Dharen Chadha came into planning from a marketing background. He was a 'client' before he hopped over to work in planning under Sattar Khan. Chadha worked at Voltas in the early '80s. As a marketer, he spent most of his time in the FMCG space. After joining planning under Khan at HTA, Chadha stayed there for 10 years across Bengaluru, Mumbai and Kolkata branches. Later he moved to JWT Hong Kong for two years, before stepping into an APAC role. Post APAC, Chadha was named global planning director at JWT. He came back to India in 1997 and started his own brand strategy consultancy firm, Momentum Consulting. It ran for 10 years. Three years ago, he folded it up at the age of 50.
Desai poses potential scenarios:
One: The planner will move upstream into managing the brand, that is, he will be responsible for brand valuations and take ownership for the brand in its entirety. This will happen when agencies themselves start investing in brand creation. The planner, then, will move into a business-building role along with the agency.

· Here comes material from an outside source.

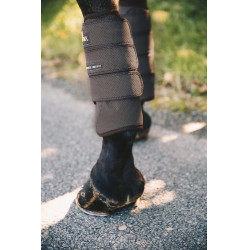 Vordere Air Tech Eventing Gamaschen Kentucky Braun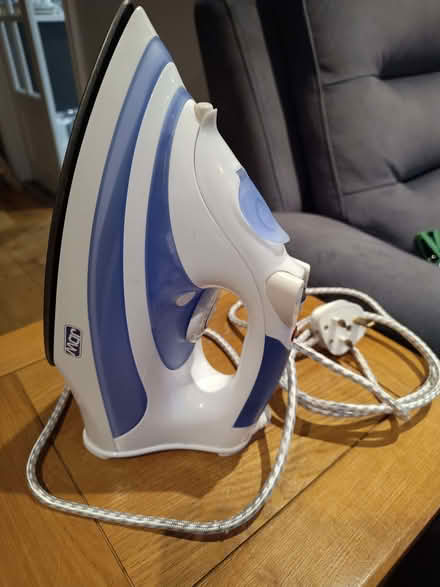 Photo of free Steam iron (Netherfield, Kendal LA9) #1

Two: In this scenario the planner will evolve into a creator and shed his garb of an intermediary. With the virtual world expanding, the notion of converting ideas into reality will no longer need an interpreter in the form of a creative person. The planner can easily be the final creator and executor of an idea.
Sattar Khan, India's first formal planner, has a word of caution, 'In many agencies, the planner has become a 'salesman' for the creative output, especially in new business pitches. What ends up happening is that the planner starts providing a rationale for why the creative logic is right. And, this is not what the intention of planning was.'
It's true that the creative-planner duo works as a team and as this partnership solidifies we may also see them seeking jobs as partners, just as art-copy partners do.
(Based on additional interviews with Ajai Jhala, Anand Halve, Jitender Dabas, Madhukar Sabnavis, Pradeep Shrivastava, Saji Abraham, Rohit Srivastava, Sandip Mahapatra and Suman Srivastava.)